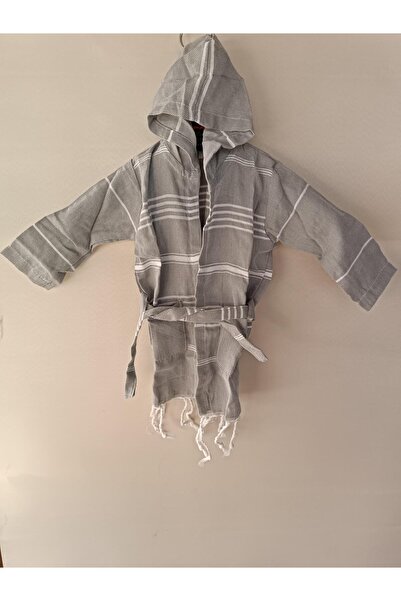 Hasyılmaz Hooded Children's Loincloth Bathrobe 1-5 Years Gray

⁂

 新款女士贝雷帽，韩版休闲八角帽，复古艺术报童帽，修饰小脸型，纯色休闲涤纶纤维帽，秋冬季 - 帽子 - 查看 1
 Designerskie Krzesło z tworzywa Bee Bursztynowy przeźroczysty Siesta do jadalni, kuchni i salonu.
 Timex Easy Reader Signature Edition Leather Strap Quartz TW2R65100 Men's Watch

⁂

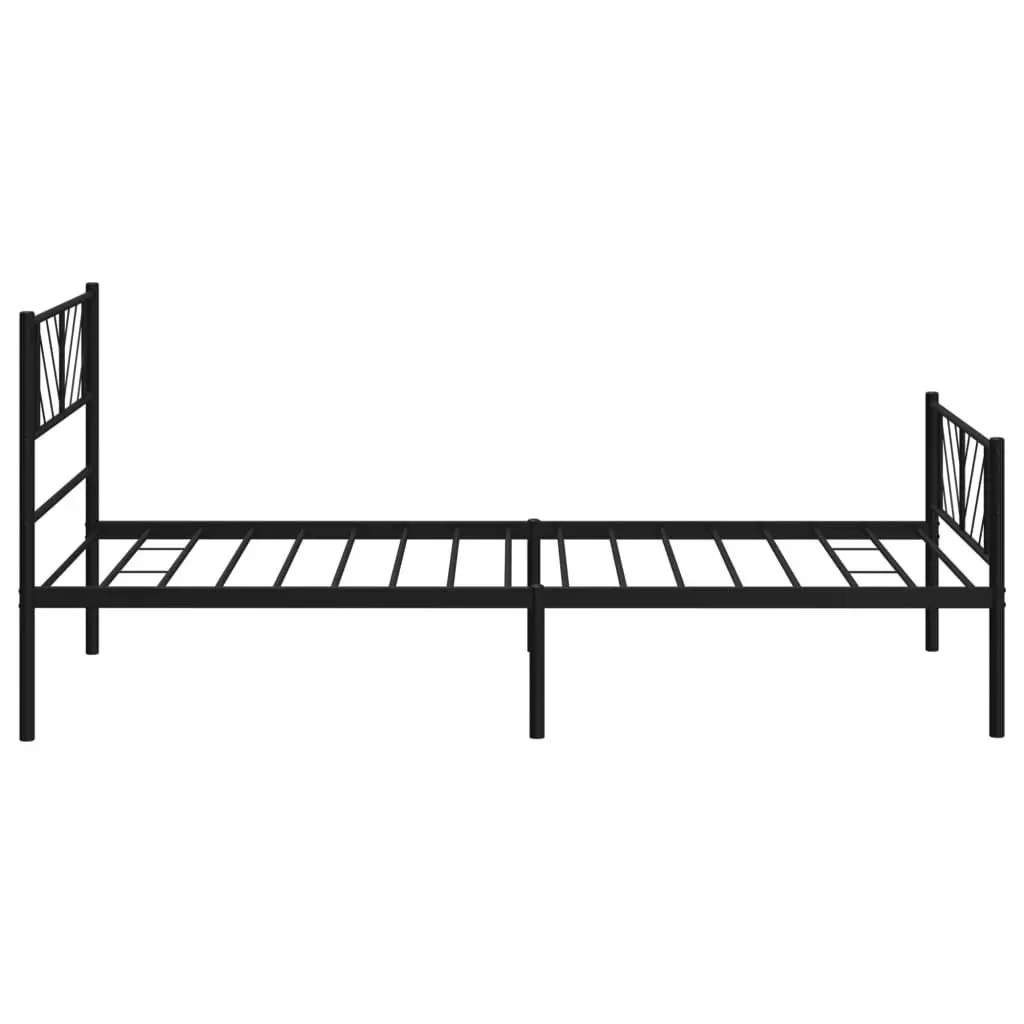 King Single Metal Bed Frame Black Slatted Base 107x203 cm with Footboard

⁂

TASK REQUIREMENTS:
Give only the lines from the one holding "Designerskie Krzesło z" through the one holding "Timex Easy Reader", each restated exactly as it appears above.

WRITTEN RESPONSE:
 Designerskie Krzesło z tworzywa Bee Bursztynowy przeźroczysty Siesta do jadalni, kuchni i salonu.
 Timex Easy Reader Signature Edition Leather Strap Quartz TW2R65100 Men's Watch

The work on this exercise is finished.